Fassina non fa nomi e non dà numeri. «Non sono solo — assicura — ma non credo che alla Camera la cosa possa ambire al nome di scissione». Michela Marzano se ne andrà dopo le unioni civili, lei non è iscritta al Pd e lascerà il Parlamento: «Se non fai parte di una corrente nessuno ti ascolta e ti senti inutile. Fassina è una persona integra e io lo stimo, ma la sinistra di opposizione è priva di coordinamento. Prima si lavora a livello culturale, poi si pensa ai contenitori».
Il disagio è sempre più forte. Come va dicendo Bersani ai suoi, «c’è un limite a tutto». Roberto Speranza è preoccupato per il «disagio profondo della base» e oggi con i fedelissimi farà un punto sulla scuola: «Il Pd senza sinistra non esiste.
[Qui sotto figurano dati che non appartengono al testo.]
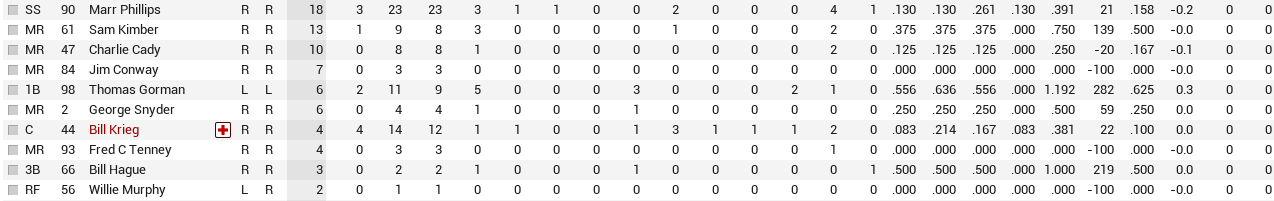 Name:  Balt bat2.PNG
Views: 90
Size:  30.7 KB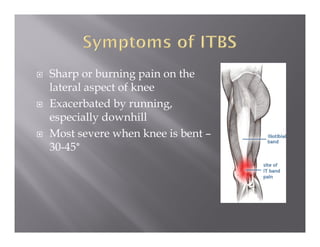 Iliotibial Band Friction Syndrome: The Physio Approach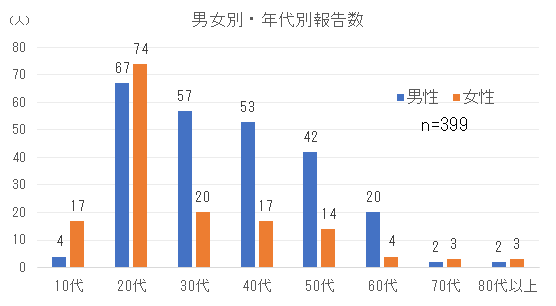 男女別・年代別割報告数png.png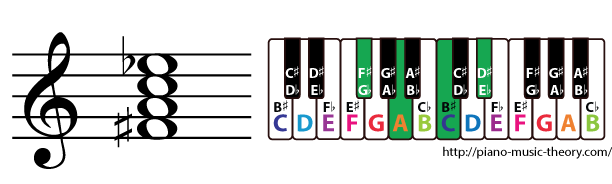 f sharp diminished 7th chord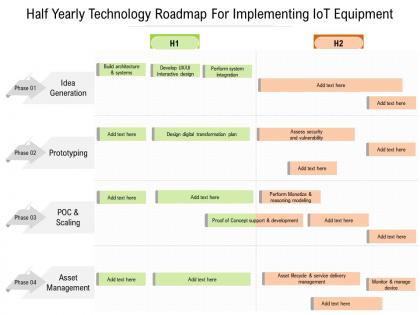 Half yearly technology roadmap for implementing iot equipment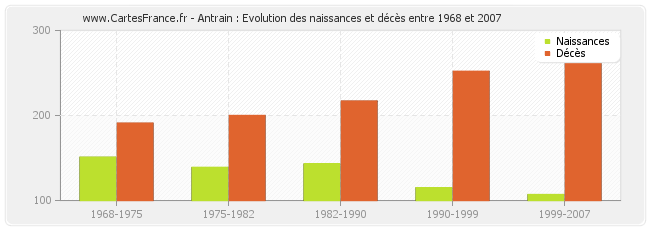 Antrain : Evolution des naissances et décès entre 1968 et 2007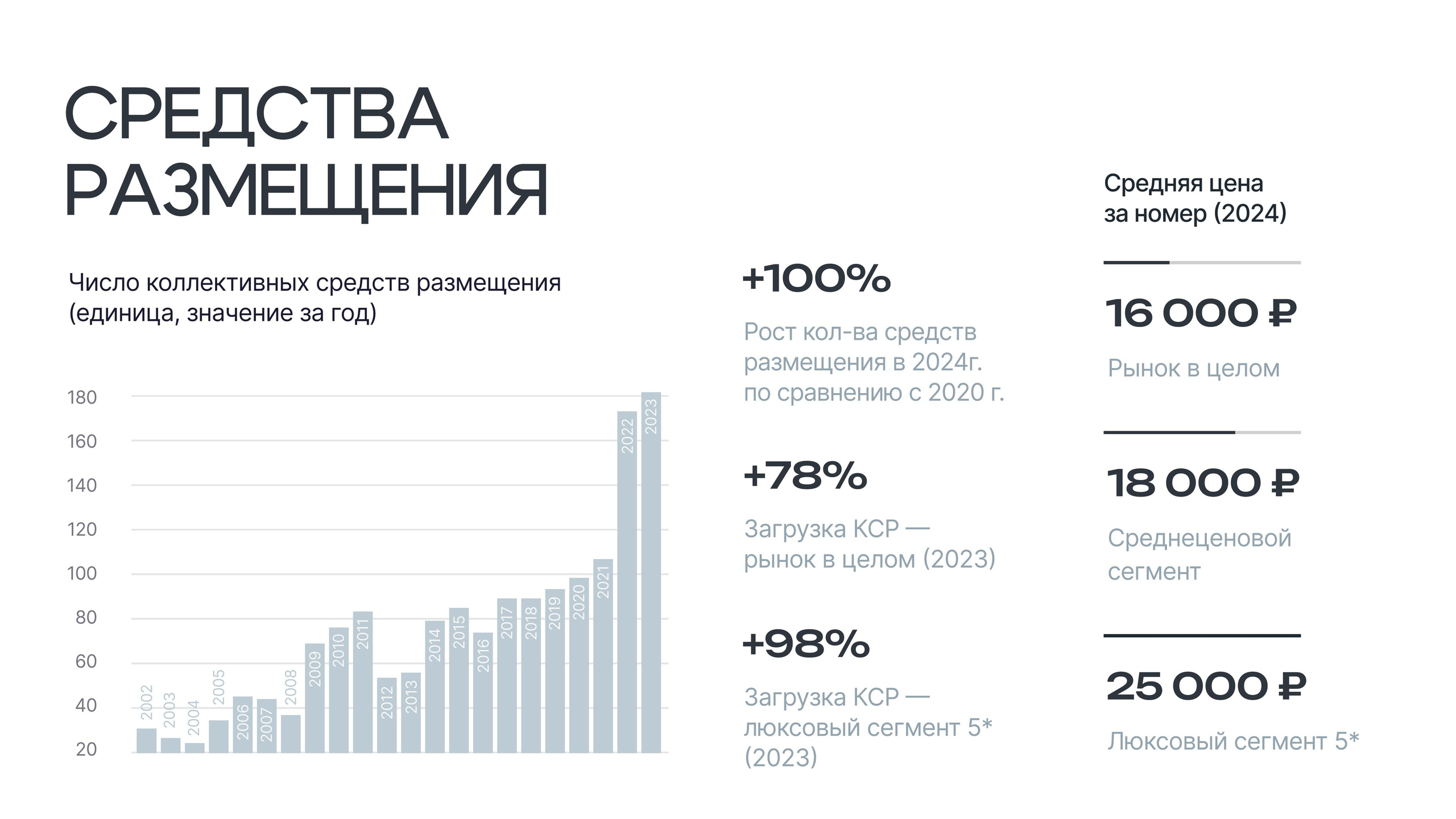 Термальный комплекс. Инвестиционный консалтинг Недвижимость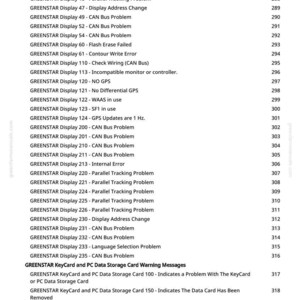 John Deere 9650 Cts skördetröska Diagnostikmanual PDF | Direktnedladdning bild 11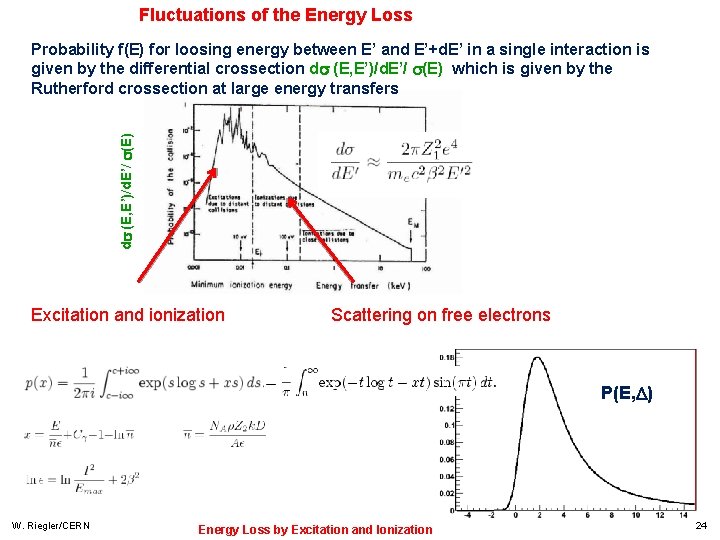 Fluctuations of the Energy Loss d (E, E’)/d. E’/ (E) Probability f(E) for loosing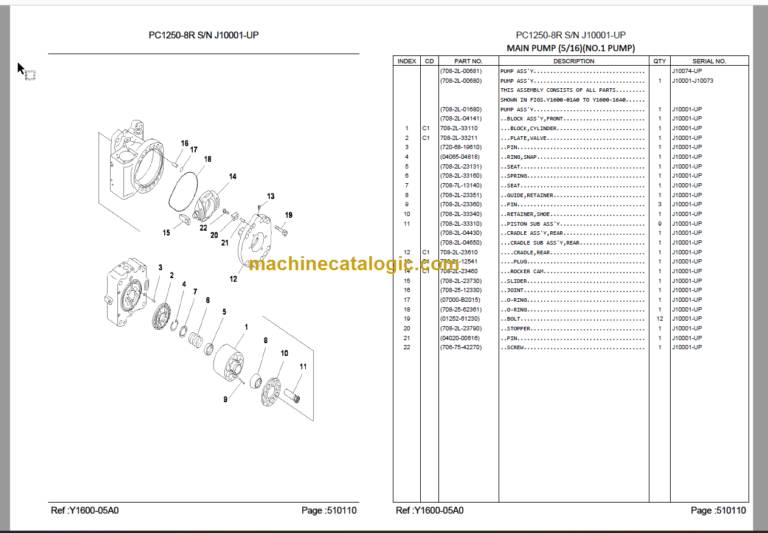 Komatsu PC1250-8R Hydraulic Excavator Parts Book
Ora siamo tutti impegnati per sostenere il simbolo alla regionali, ma dopo servirà una riflessione seria su cosa è il Pd». Fuori, Civati accelera sui nuovi gruppi. Al Senato ha convinto otto esponenti del Misto a passare con lui, «ex cinquestelle ma non solo». E i quattro civatiani? Per ora restano, chi per convenienza e chi per strategia. Lucrezia Ricchiuti si dice «totalmente d’accordo con il referendum di Civati sull’Italicum» e Mineo avverte Renzi sulla scuola: «La maggioranza al Senato se la deve cercare, perché non ce l’ha».